Berlin has been asked to accept some of the Guantanamo detainees, a group that includes Uighur Chinese. From Spiegel Online, a look at the controversy:
Yes, he travelled to Afghanistan. Yes, he learned to fire a semi-automatic weapon there. “But I only ever used the weapon once, I shot four or five bullets. And never at people. And never in combat situations.”
[…] [T]hese are the kinds of quotes — and stories — that have been exciting debate in Berlin and worrying the regional governments in states like Bavaria. Because if it was up to the Obama administration, individuals like Anvar would already be on a plane bound for Germany — most likely, with a one-way ticket and best wishes for the future. A future somewhere as far away as possible from the United States, that is.

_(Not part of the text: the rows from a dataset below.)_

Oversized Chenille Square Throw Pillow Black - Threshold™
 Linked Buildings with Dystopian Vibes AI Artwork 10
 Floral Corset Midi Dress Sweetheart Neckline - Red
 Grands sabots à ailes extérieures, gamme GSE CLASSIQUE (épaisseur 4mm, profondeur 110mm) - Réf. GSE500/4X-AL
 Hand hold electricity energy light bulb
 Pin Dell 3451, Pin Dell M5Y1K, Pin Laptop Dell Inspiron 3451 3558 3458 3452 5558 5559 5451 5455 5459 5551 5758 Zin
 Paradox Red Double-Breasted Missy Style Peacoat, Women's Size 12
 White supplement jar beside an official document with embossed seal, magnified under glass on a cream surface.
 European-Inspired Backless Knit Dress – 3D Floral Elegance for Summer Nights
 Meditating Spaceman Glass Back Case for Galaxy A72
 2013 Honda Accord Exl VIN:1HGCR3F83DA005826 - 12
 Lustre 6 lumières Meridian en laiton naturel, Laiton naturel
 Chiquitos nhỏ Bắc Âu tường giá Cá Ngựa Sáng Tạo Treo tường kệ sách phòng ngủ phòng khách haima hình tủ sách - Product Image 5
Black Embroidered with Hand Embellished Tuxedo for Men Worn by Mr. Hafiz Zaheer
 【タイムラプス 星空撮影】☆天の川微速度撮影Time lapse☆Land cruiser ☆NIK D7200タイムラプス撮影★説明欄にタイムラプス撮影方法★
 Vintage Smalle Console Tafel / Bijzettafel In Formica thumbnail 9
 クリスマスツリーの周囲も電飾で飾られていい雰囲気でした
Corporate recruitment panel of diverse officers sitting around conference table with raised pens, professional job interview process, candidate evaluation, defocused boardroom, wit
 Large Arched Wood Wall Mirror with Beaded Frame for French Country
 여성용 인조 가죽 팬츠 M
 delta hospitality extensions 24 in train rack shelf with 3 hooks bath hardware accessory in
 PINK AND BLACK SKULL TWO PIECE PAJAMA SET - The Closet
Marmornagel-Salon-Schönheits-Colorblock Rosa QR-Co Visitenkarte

[…] Anvar, who is in his mid-30s, comes from the village of Tashkoruq in the Chinese province of Xinjiang. Anvar is from the Uighur ethnic group, mainly resident in eastern and central Asia. The Uighurs make up almost half of the population of the Xinjiang region, are mainly Muslim and have been the subject of brutal repression by the Chinese. Shortly after the September 11 attacks in the US, and under some pressure from the Chinese government, Washington moved to recognize the East Turkistan Islamic Movement (ETIM) — to which Anvar and the other potentially Germany-bound Uighurs belong — as a terrorist organization. As a result more than 20 ETIM members were brought to Guantanamo as “enemy combatants.”